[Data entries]
··········
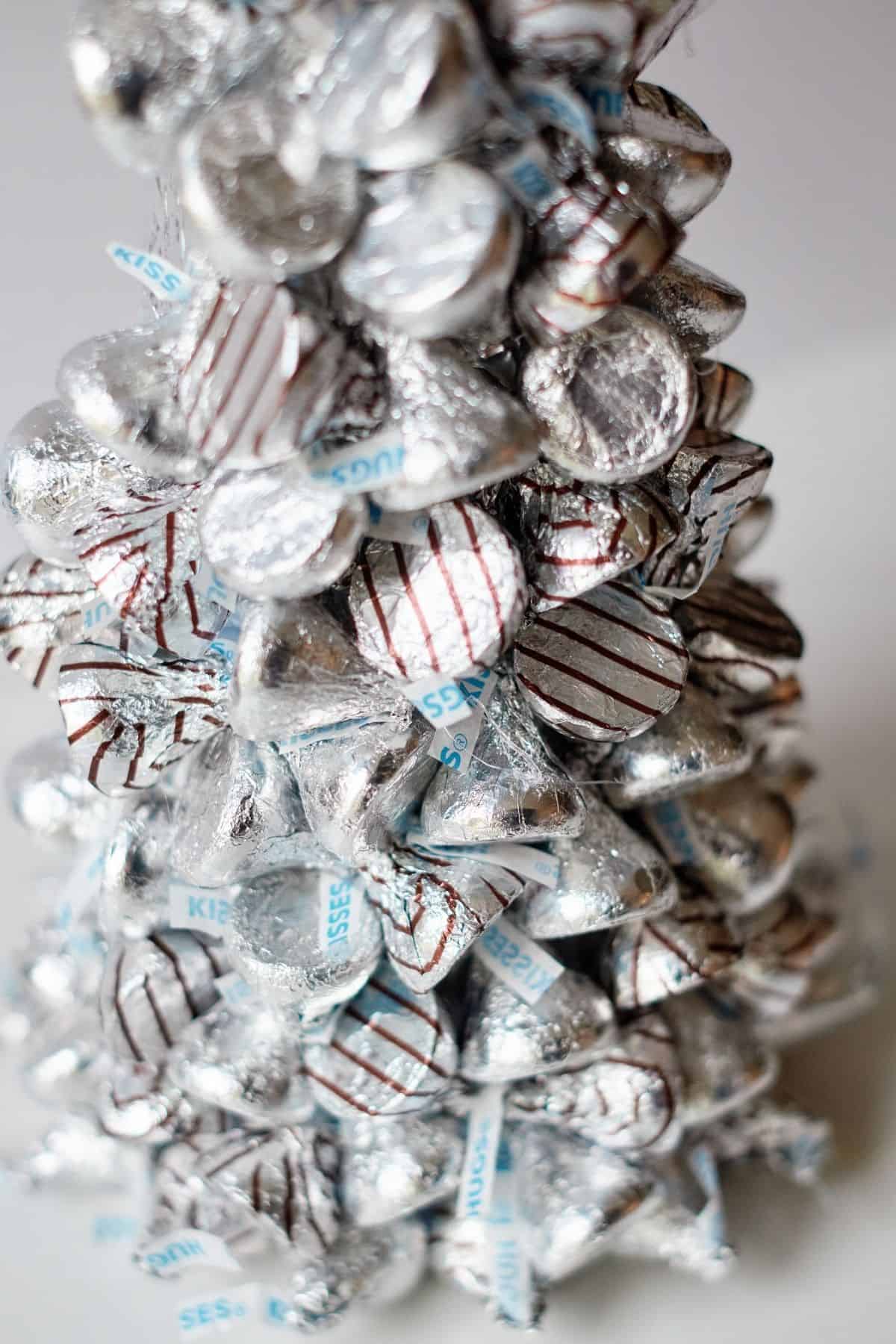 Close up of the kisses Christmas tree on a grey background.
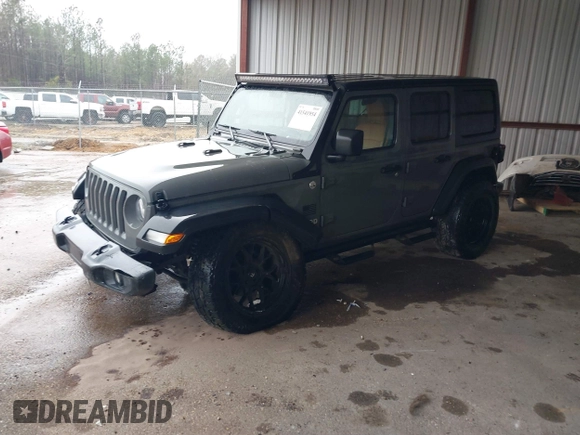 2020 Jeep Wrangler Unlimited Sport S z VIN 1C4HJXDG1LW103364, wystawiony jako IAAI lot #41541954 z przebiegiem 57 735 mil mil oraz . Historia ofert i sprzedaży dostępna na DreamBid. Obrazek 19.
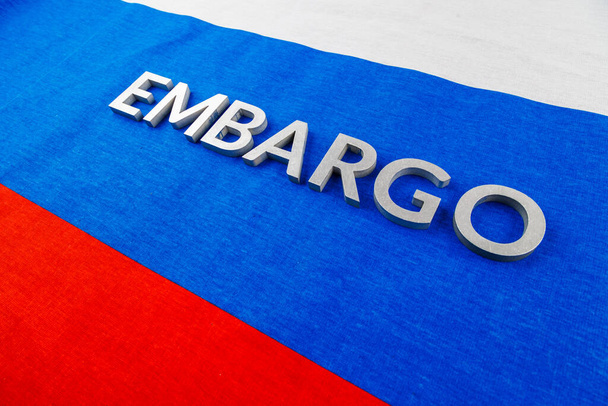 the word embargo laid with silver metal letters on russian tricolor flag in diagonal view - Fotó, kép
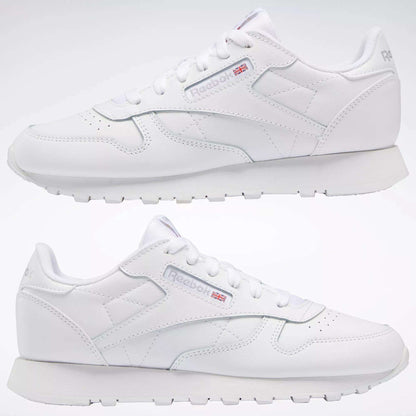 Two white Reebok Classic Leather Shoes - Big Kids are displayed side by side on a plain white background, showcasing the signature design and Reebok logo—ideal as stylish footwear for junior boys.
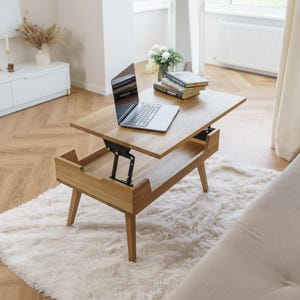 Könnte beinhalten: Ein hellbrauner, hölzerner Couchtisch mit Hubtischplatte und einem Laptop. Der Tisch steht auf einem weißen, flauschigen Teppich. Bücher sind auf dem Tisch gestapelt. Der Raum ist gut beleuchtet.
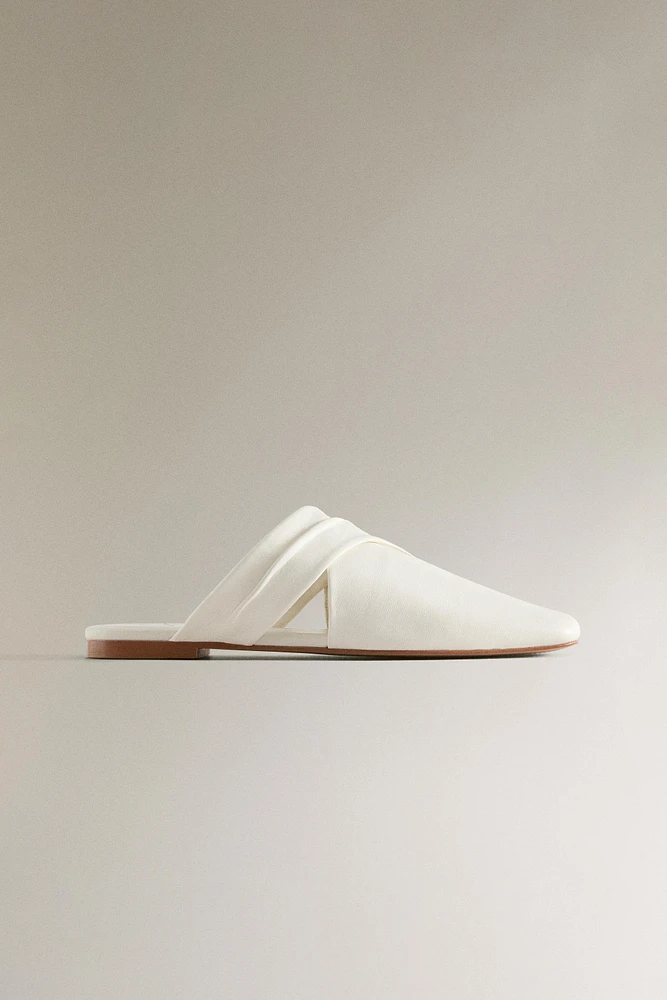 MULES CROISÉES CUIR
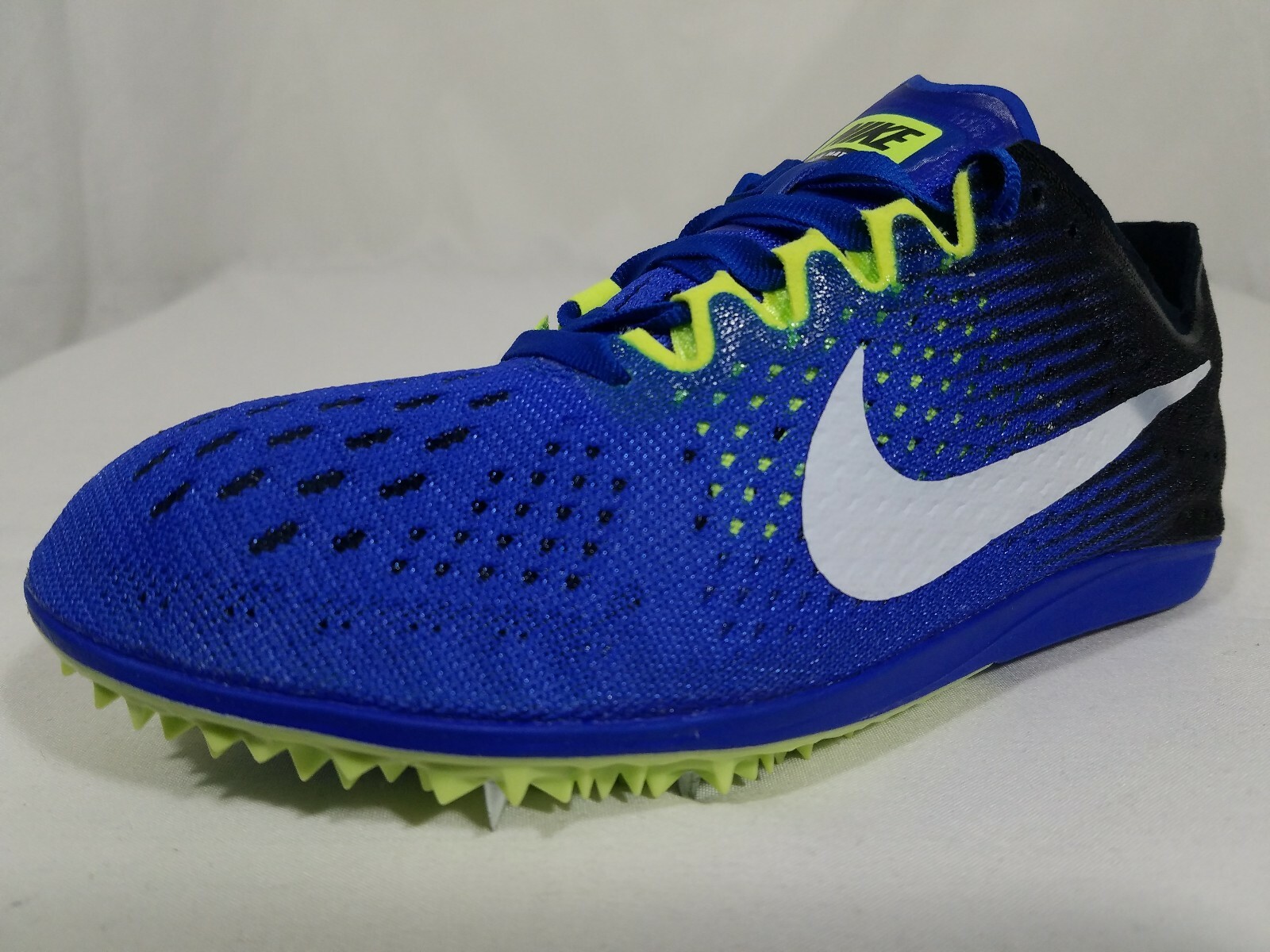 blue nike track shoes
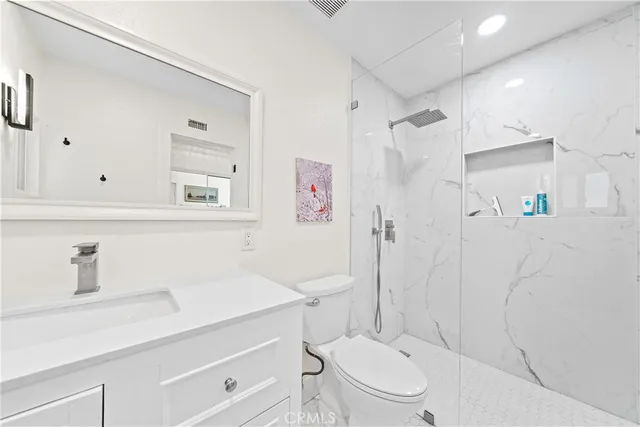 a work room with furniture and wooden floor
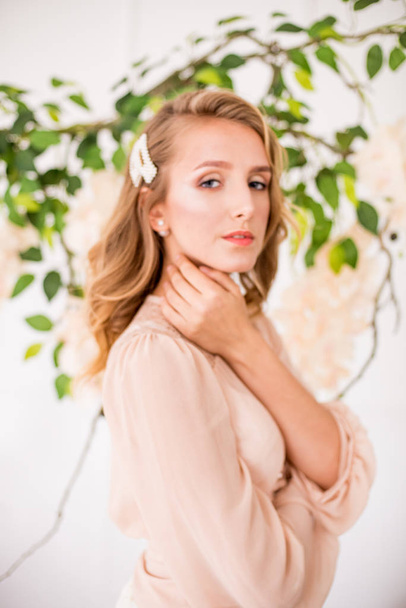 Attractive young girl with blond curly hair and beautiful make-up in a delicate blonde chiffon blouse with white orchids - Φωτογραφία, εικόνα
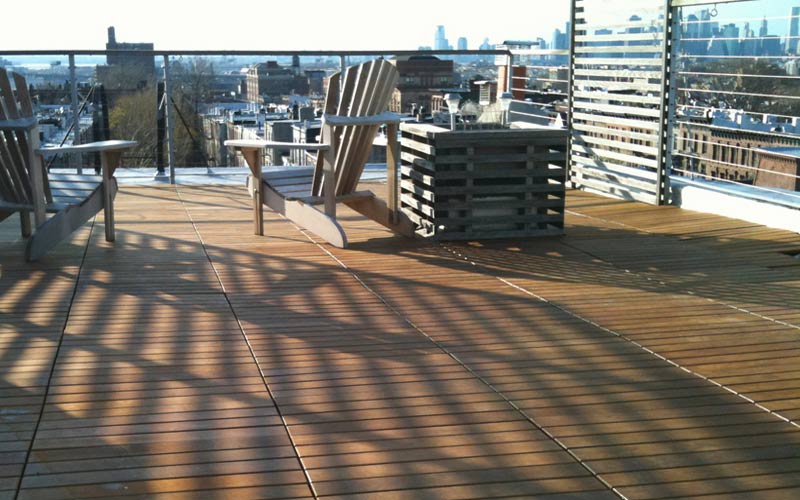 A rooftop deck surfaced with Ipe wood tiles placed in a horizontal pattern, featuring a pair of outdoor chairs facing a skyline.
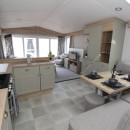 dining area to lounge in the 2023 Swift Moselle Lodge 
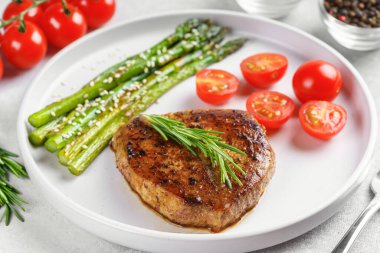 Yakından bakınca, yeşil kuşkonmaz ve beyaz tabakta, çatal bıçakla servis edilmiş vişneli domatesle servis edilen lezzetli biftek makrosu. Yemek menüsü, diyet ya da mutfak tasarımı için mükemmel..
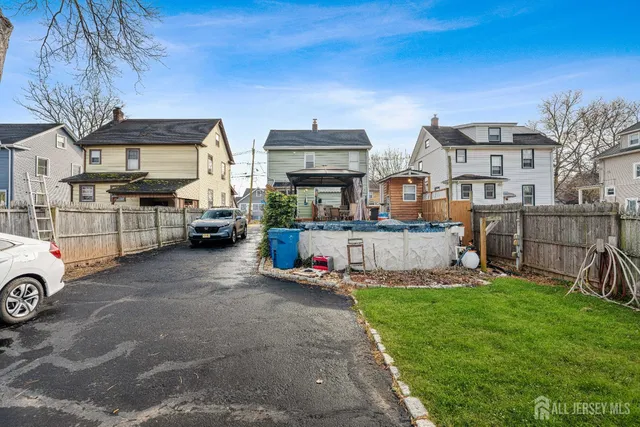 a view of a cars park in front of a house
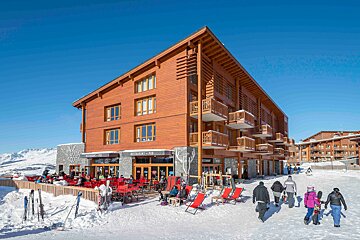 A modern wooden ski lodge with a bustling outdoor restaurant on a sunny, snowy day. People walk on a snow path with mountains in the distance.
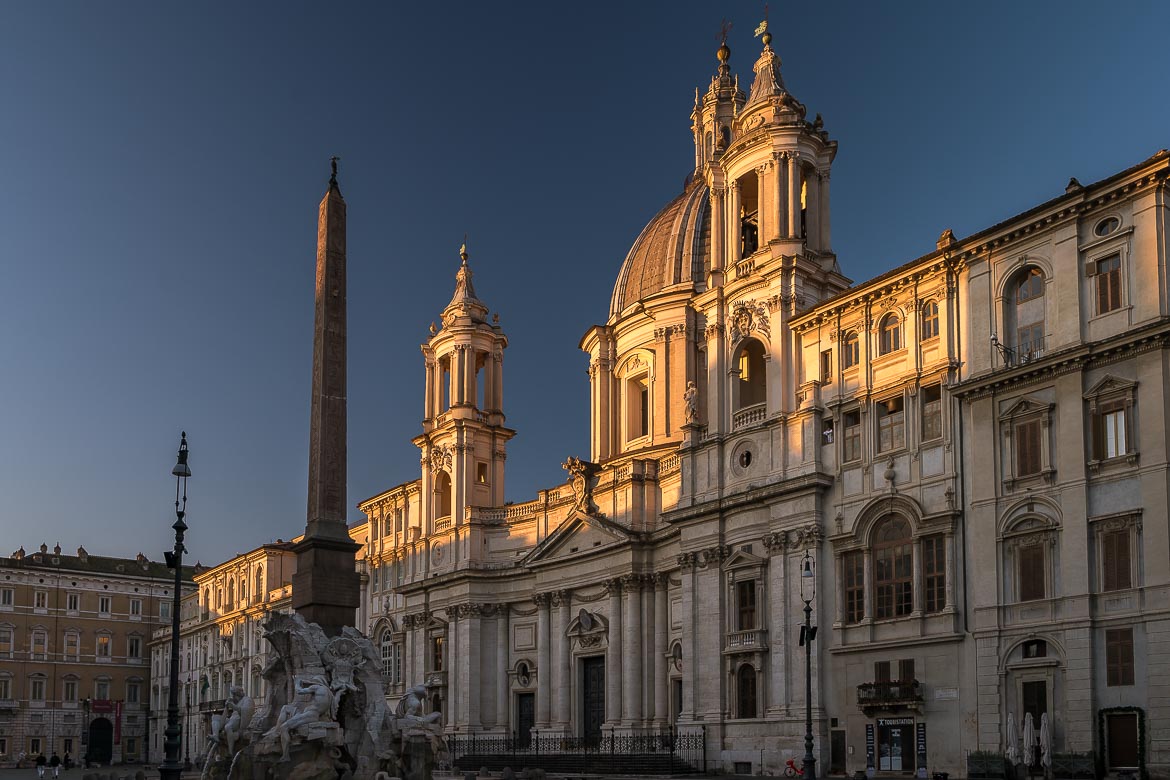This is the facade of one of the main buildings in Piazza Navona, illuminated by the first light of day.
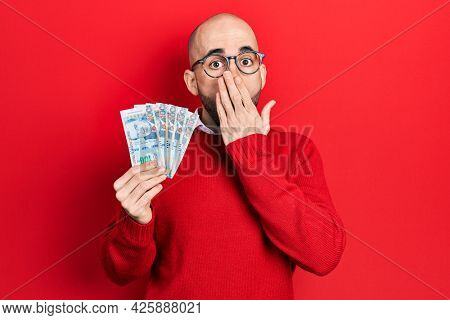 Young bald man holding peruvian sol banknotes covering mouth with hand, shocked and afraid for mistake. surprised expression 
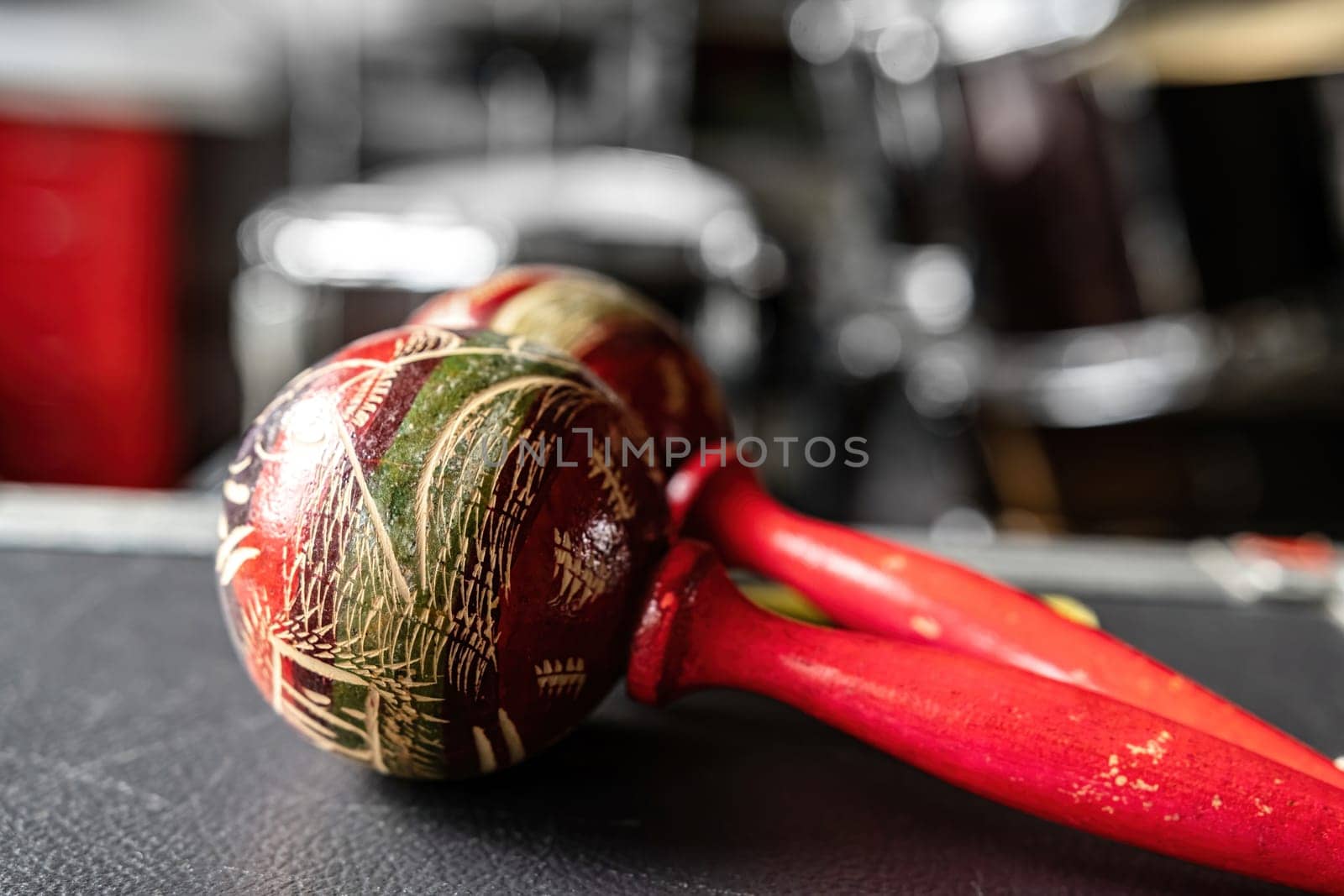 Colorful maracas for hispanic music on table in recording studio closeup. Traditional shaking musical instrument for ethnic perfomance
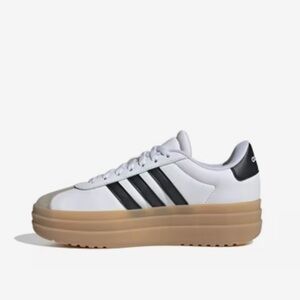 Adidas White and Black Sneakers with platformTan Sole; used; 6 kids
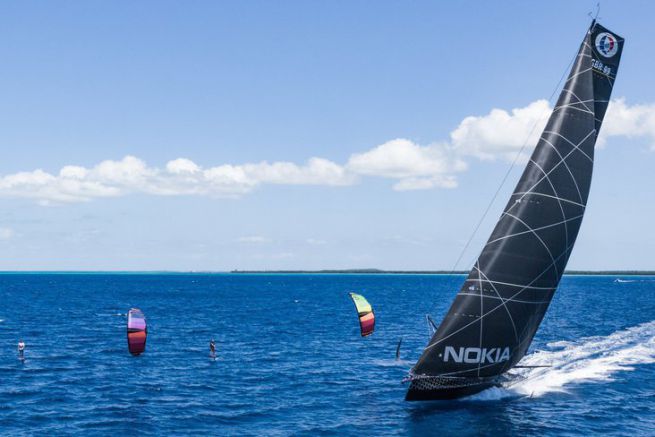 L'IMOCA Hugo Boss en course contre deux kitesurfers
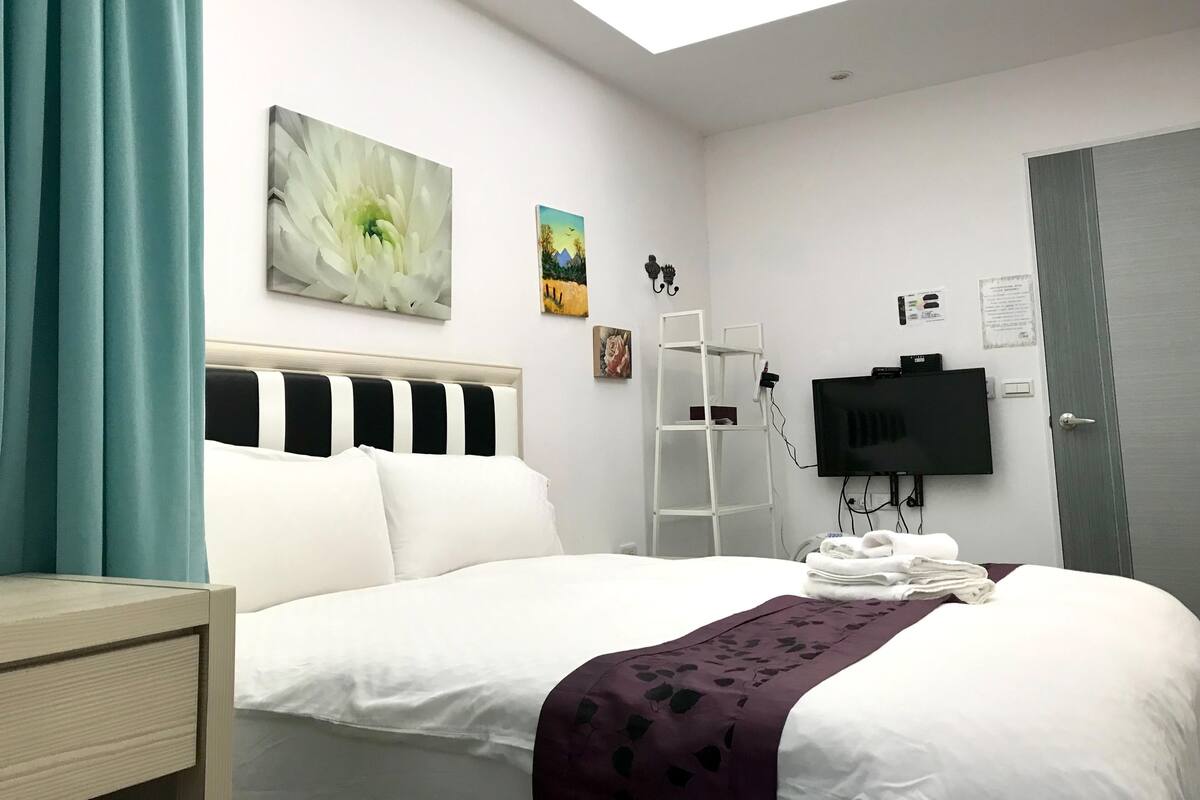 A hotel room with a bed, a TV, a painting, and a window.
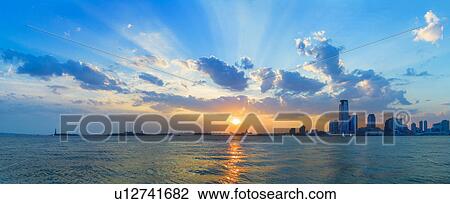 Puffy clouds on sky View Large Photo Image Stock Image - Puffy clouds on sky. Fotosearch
··········
▶ [Your instructions]:
Repeat the records above exactly, from the first line through the line that contains "Yakından bakınca, yeşil", and leave out the pictures.

▶ [Exercise solution]:
 Close up of the kisses Christmas tree on a grey background.
 2020 Jeep Wrangler Unlimited Sport S z VIN 1C4HJXDG1LW103364, wystawiony jako IAAI lot #41541954 z przebiegiem 57 735 mil mil oraz . Historia ofert i sprzedaży dostępna na DreamBid. Obrazek 19.
 the word embargo laid with silver metal letters on russian tricolor flag in diagonal view - Fotó, kép
 Two white Reebok Classic Leather Shoes - Big Kids are displayed side by side on a plain white background, showcasing the signature design and Reebok logo—ideal as stylish footwear for junior boys.
 Könnte beinhalten: Ein hellbrauner, hölzerner Couchtisch mit Hubtischplatte und einem Laptop. Der Tisch steht auf einem weißen, flauschigen Teppich. Bücher sind auf dem Tisch gestapelt. Der Raum ist gut beleuchtet.
 MULES CROISÉES CUIR
 blue nike track shoes
 a work room with furniture and wooden floor
 Attractive young girl with blond curly hair and beautiful make-up in a delicate blonde chiffon blouse with white orchids - Φωτογραφία, εικόνα
 A rooftop deck surfaced with Ipe wood tiles placed in a horizontal pattern, featuring a pair of outdoor chairs facing a skyline.
 dining area to lounge in the 2023 Swift Moselle Lodge 
 Yakından bakınca, yeşil kuşkonmaz ve beyaz tabakta, çatal bıçakla servis edilmiş vişneli domatesle servis edilen lezzetli biftek makrosu. Yemek menüsü, diyet ya da mutfak tasarımı için mükemmel..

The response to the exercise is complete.